**EXERCISE AIM**
Print exactly, and only, the lines from the one that has "Black high heel" through the end of the material below, with both ends included and the pictures omitted.
** TASK INPUTS follows **
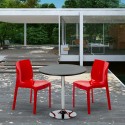 Cosmopolitan Set Made of a 70x70cm Black Round Table and 2 Colourful Ice Chairs Characteristics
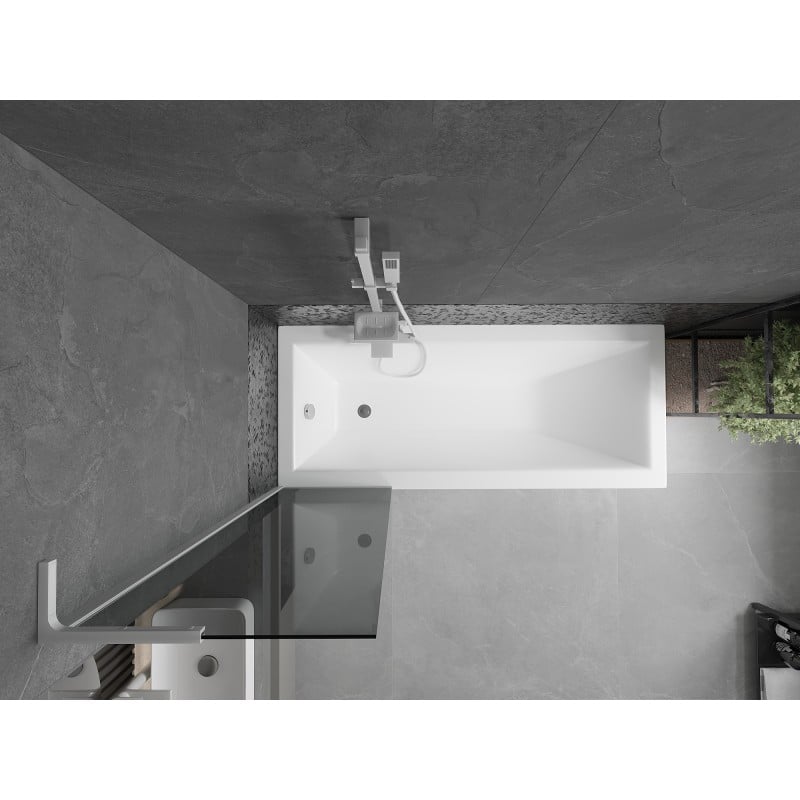 Mexen Next L Bath Screen 1-wing 50 x 150 cm, Graphite, White - 895-050-000-03-40-20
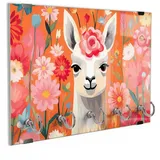 DEQORI Schlüsselbrett 'Lama im Blütenrausch', (1 St), Schlüsselhalter Schlüssel Haken Schlüsselboard modern Schlüsselleiste bunt|rosa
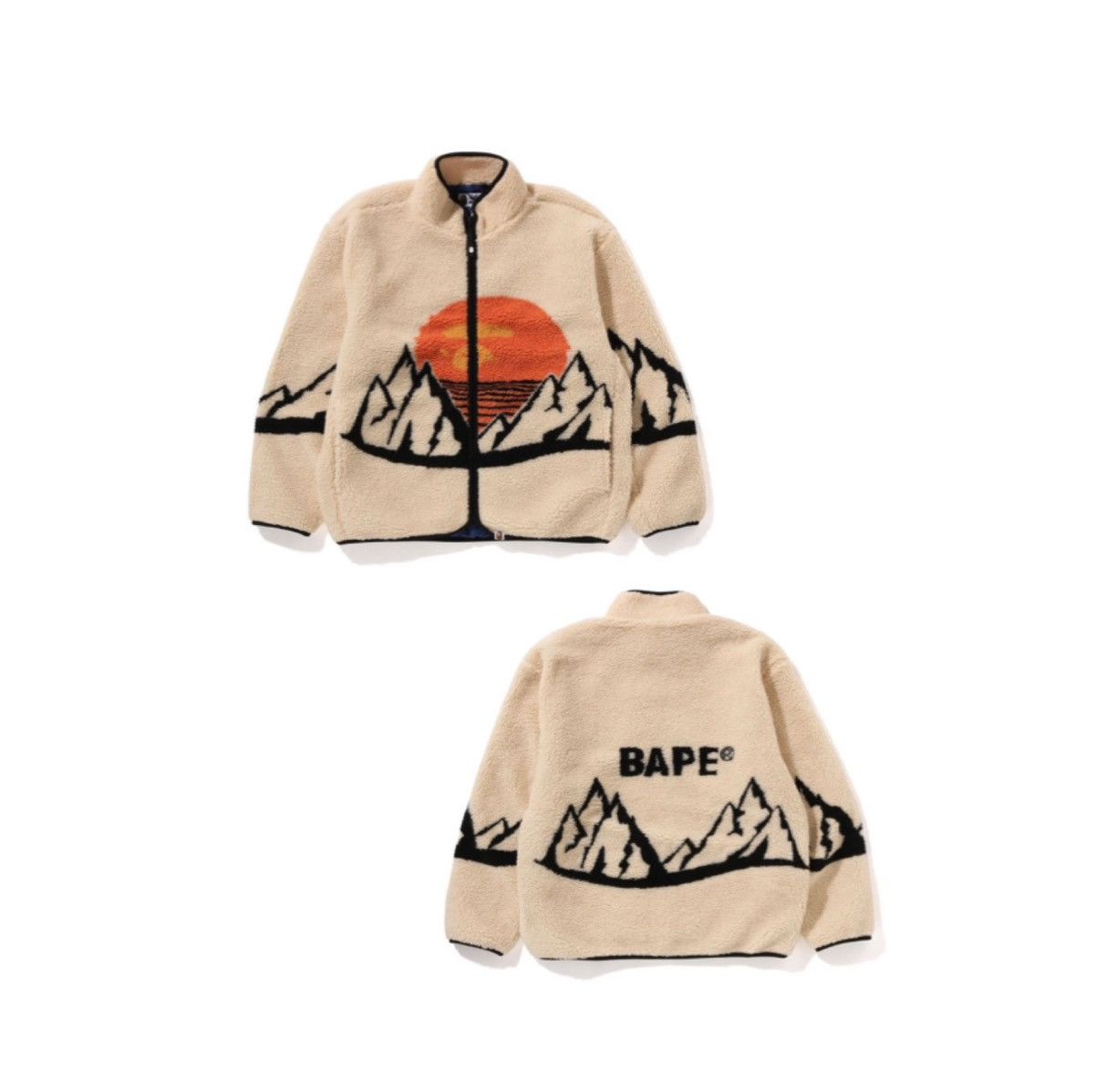image of Bape Bape Mountain Relaxed Fit Boa Jacket Beige, Men's (Size XL)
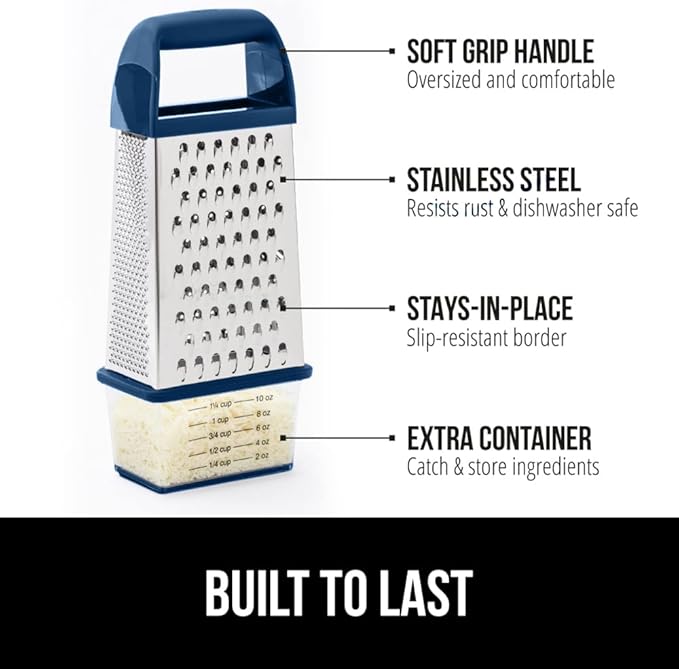 GORILLA GRIP® XL 4-Sided Stainless Steel Cheese Grater With Measurement Container, BPA-Free Box Grater, Slip Resistant Base, Grate Hard Parmesan, Shred Veggies, Zest Citrus, Dishwasher Safe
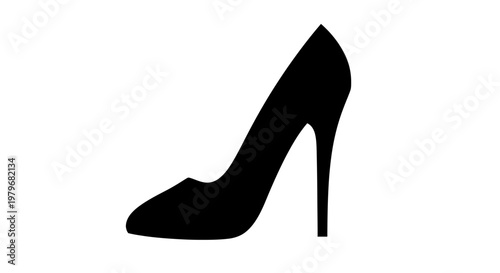 Black high heel shoe silhouette isolated on white background.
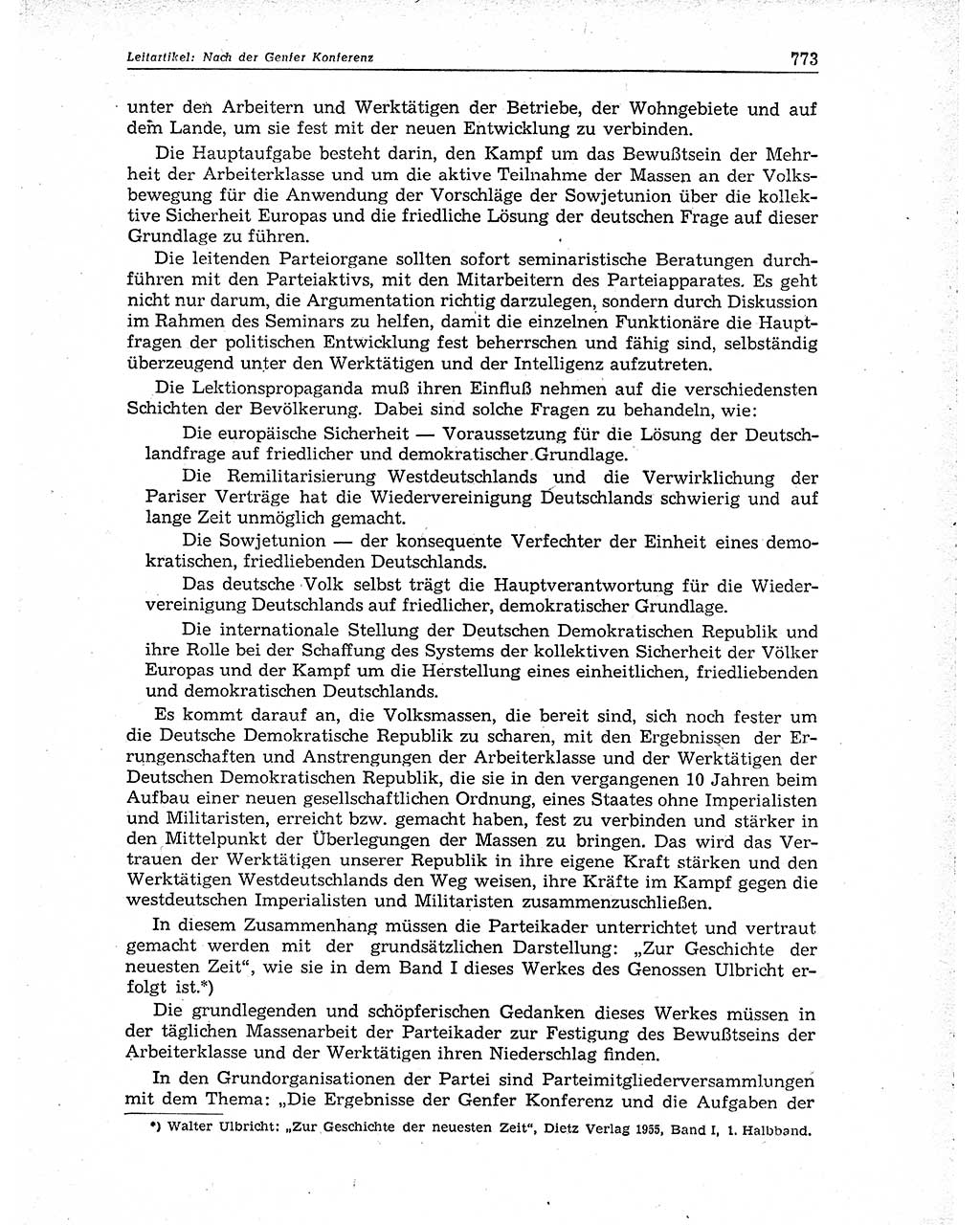 Neuer Weg (NW), Organ des Zentralkomitees (ZK) der SED (Sozialistische Einheitspartei Deutschlands) für Fragen des Parteiaufbaus und des Parteilebens, 10. Jahrgang [Deutsche Demokratische Republik (DDR)] 1955, Seite 773 (NW ZK SED DDR 1955, S. 773)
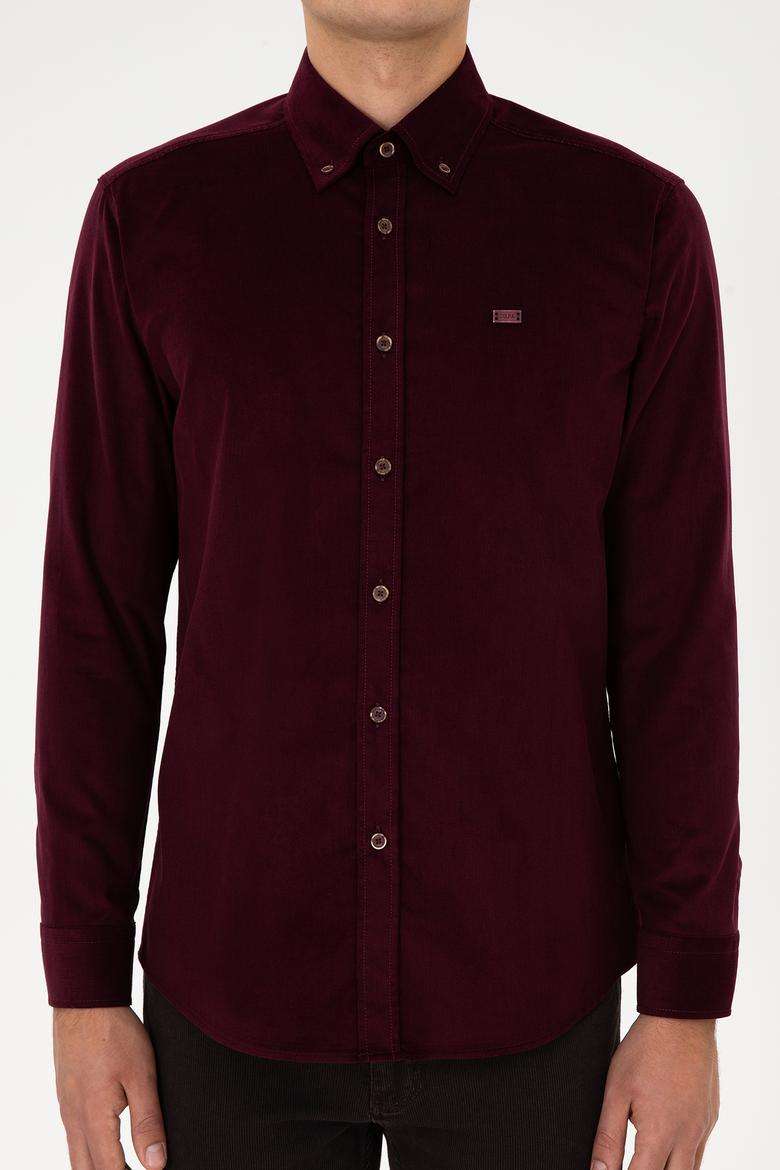Erkek Bordo Uzun Kollu Gömlek - 50315915033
** End of TASK INPUTS **
**RESPONSE BOX**
 Black high heel shoe silhouette isolated on white background.
 Neuer Weg (NW), Organ des Zentralkomitees (ZK) der SED (Sozialistische Einheitspartei Deutschlands) für Fragen des Parteiaufbaus und des Parteilebens, 10. Jahrgang [Deutsche Demokratische Republik (DDR)] 1955, Seite 773 (NW ZK SED DDR 1955, S. 773)
Erkek Bordo Uzun Kollu Gömlek - 50315915033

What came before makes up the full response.